BlackBook Art Gallery Rewrites the Rules

BlackBook Art Gallery announces its 2026 season in Southampton, featuring two major exhibitions: "The Lost Generation: Then and Now," which pairs New York School legends like Jackson Pollock and Lee Krasner with contemporary artists Julie Mehretu and Rashid Johnson, and "Summer Figuration," showcasing Amy Sherald, Kerry James Marshall, and Toyin Ojih Odutola. Founder Evanly Schindler frames the season around the concept of "urgency," drawing parallels between the postwar abstract expressionist era and today's climate of war, digital saturation, and political polarization.
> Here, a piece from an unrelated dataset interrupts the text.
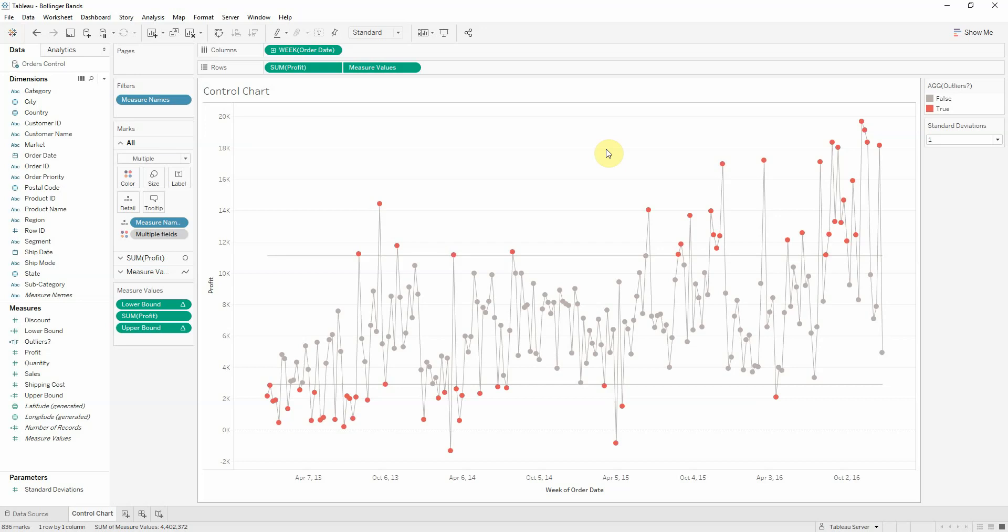Today I'll be continuing the previous skill pill, that was control charts, by creating a Bollinger Band for the same data.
The gallery also plans to open a new location in Detroit's Eastern Market in fall 2026, with the Detroit Salon following in 2028.

Walker Art Center Exhibition Breaks Down Sound Barriers

The Walker Art Center, in collaboration with the Whitney Museum of American Art, presents "All Day All Night," a survey of the past 15 years of work by Berlin-based deaf artist Christine Sun Kim. The exhibition, on view until August 30, spans three galleries and includes drawings, videos, participatory pieces, and site-specific installations such as charcoal music notes on floors and stairwells. Kim's early works from the 2010s explore sound waves and Deaf culture, while later pieces incorporate her experiences as a mother and partner, using infographics and ASL-inspired imagery to challenge assumptions about spoken versus signed language.
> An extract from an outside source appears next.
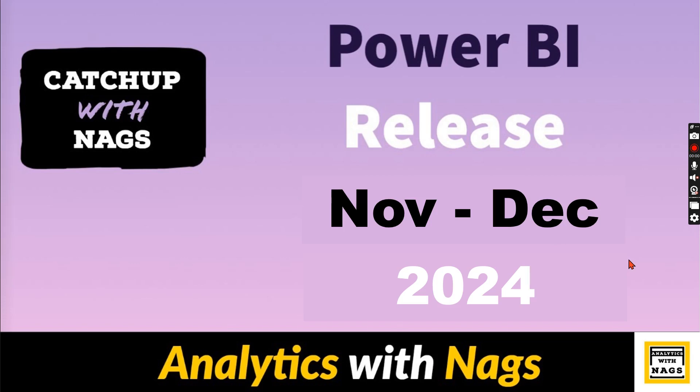Welcome to Analytics with NAGS. This is another video in the Catch up with NAGS series where I'm going to talk about Power BI releases on November and December.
Discover the Architecture of LACMA’s David Geffen Galleries at These Free Workshops with AIA Los Angeles

LACMA's new David Geffen Galleries, designed by Pritzker Prize-winning architect Peter Zumthor, are now open to the public. The building features a single-floor, sculptural form made of architectural concrete and glass, with natural light and transparency that encourages visitors to explore 6,000 years of art and culture. In collaboration with the American Institute of Architects Los Angeles, LACMA is hosting a series of free workshops on May 15-17, including guided walks, drawing sessions, and landscape tours, to help visitors engage with the building's architecture and design.
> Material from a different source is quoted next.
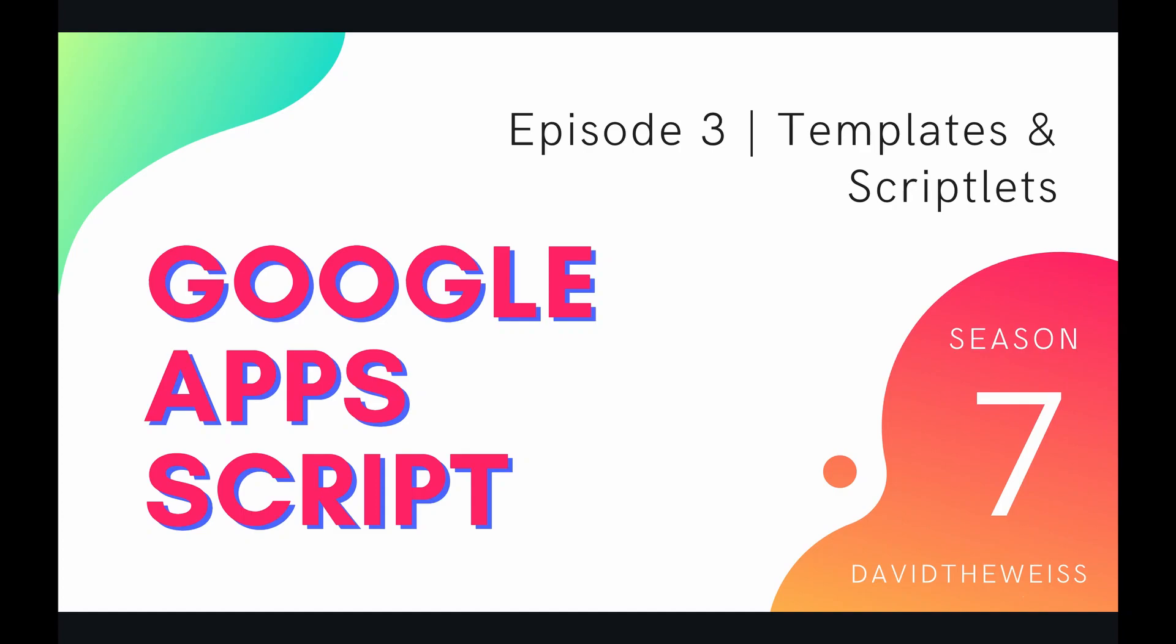Hey coders, and welcome to episode 3 of our HTML service playlist on the Google Apps Script course. I'm incredibly excited to give this video because we're going to be learning an extremely important topic in Apps Script web application development and in the world of web development at large, and that is templates and scriptlets.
Spring brings two new exhibits to Banff's Whyte Museum

Two new exhibitions have opened at the Whyte Museum of the Canadian Rockies in Banff: "Thick as Thieves," a touring show from the MacKenzie Art Gallery in Regina, and "When our eyes touch," drawn from the museum's own collection. "Thick as Thieves" explores themes of power, secrecy, and trust through works spanning from Auguste Rodin sculptures to contemporary pieces by August Klintberg and Amanda Strong, curated by Crystal Mowry. "When our eyes touch" focuses on portraiture by museum founders Peter Whyte and Catharine Robb Whyte, featuring paintings from their time at art school in Boston and later portraits of Stoney Nakoda community members, curated by Dagny Dubois and Christina Cuthbertson. Both exhibitions run until November 8.